Exercise material
______
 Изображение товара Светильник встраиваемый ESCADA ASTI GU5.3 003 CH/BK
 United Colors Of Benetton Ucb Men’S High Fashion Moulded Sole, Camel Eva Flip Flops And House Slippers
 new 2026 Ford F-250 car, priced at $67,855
______
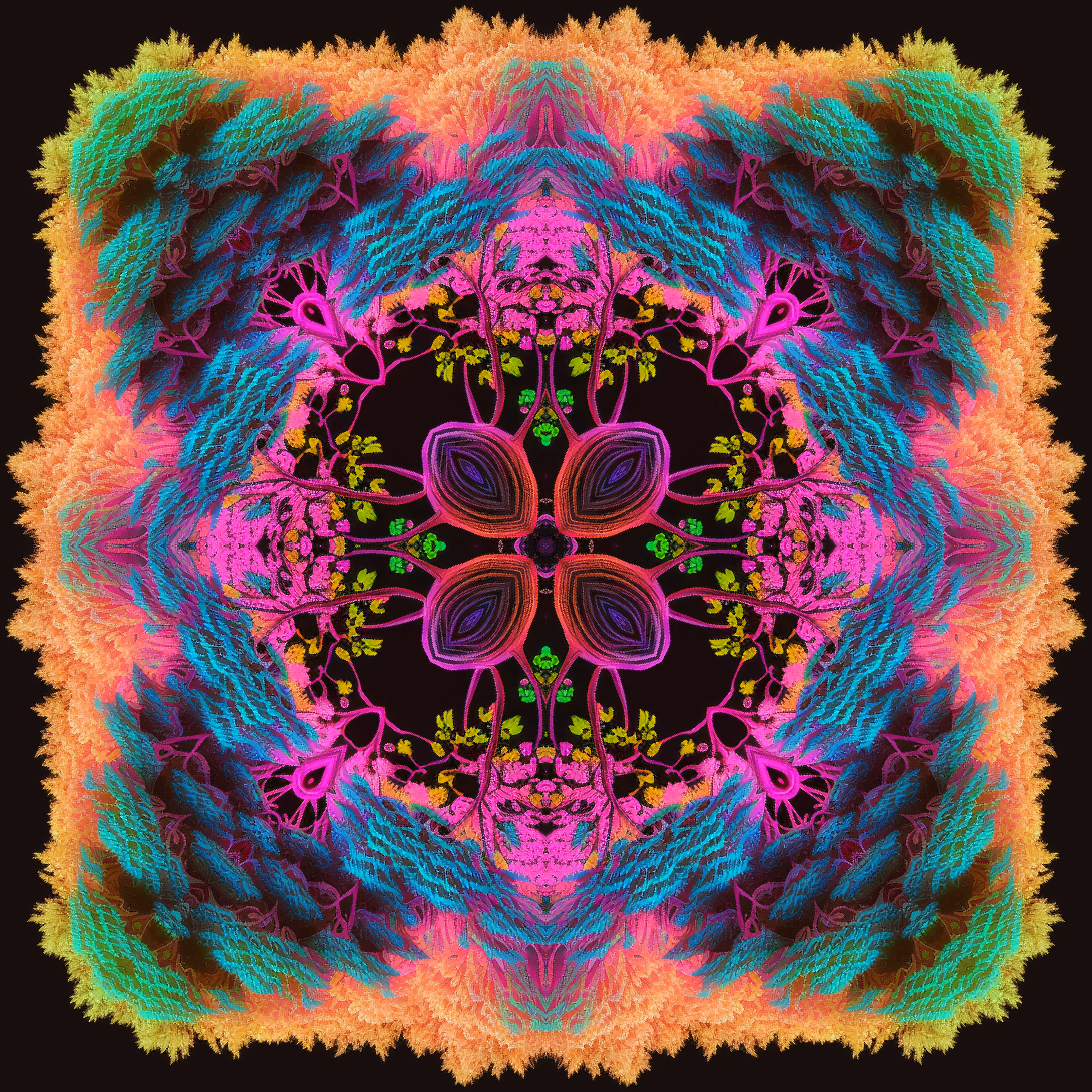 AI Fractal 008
______
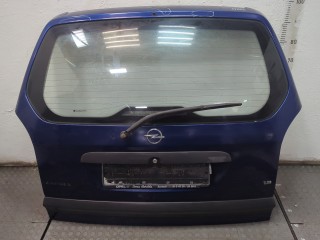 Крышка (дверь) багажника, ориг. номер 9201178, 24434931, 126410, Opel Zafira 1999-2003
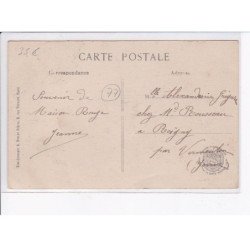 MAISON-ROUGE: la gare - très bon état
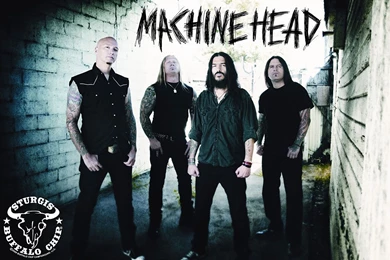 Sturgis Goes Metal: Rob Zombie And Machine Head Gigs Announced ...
______
Task directions
Return only the part of the records above that opens with the line containing "Изображение товара Светильник" and closes with the line containing "new 2026 Ford F-250 car, priced at $67,855", ends included.

Task answer
 Изображение товара Светильник встраиваемый ESCADA ASTI GU5.3 003 CH/BK
 United Colors Of Benetton Ucb Men’S High Fashion Moulded Sole, Camel Eva Flip Flops And House Slippers
 new 2026 Ford F-250 car, priced at $67,855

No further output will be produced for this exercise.